Là, où se tenaient la veille encore des soldats du premier régiment de la garde, il y a aujourd’hui des ouvriers armés et des soldats à cocarde rouge.

Nous retournons vers le Château. Tout est noir de monde. Dans les quartiers de l’ouest et du sud aussi, les bataillons ouvriers ont partout eu le dessus.

Tout Berlin est sur pied. Les millions d’ouvriers ont eu raison des dernières résistances. Tout est entre nos mains.

Des chants nous parviennent des rues latérales :

« Le drapeau que nous déployons est rouge !” Karl Liebknecht prend la parole.

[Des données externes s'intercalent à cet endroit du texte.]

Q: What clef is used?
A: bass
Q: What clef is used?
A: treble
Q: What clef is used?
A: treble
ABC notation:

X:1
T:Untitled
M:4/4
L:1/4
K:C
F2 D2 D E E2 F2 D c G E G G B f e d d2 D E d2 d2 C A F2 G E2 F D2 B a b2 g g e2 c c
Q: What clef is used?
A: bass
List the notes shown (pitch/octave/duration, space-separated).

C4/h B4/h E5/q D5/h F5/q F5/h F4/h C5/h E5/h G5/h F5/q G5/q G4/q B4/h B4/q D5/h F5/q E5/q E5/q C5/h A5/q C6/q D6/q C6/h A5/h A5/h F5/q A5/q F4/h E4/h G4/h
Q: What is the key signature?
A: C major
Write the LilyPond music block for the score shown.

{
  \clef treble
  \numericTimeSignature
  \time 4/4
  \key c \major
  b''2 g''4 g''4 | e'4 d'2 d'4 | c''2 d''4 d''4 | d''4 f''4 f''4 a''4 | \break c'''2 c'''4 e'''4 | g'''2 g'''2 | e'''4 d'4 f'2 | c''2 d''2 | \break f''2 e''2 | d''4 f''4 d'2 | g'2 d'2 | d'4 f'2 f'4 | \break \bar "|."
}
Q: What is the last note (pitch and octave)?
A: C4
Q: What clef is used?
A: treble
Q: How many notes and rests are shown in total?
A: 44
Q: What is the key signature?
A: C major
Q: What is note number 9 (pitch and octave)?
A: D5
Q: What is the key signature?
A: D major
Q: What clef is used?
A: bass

Le drapeau rouge flotte sur le Château.

9 novembre 1918.

Karl Liebknecht parle. Du haut du portail principal du Château impérial de Berlin, il proclame : « Ce n’est pas parce que l’ordre ancien est mort que nous devons croire notre tâche terminée. Il nous faut tendre toutes nos forces à construire le gouvernement des ouvriers et des soldats et bâtir un nouvel ordre d’Etat : prolétarien, un ordre de paix, de joie et de liberté pour nos frères allemands et nos frères du monde entier. Nous leur tendons la main et les invitons à parachever la révolution mondiale. » (Illustrierte Geschichte der deutschen revolution, Internationaler Arbeiter-Verlag, Berlin, 1929, p. 209-210.)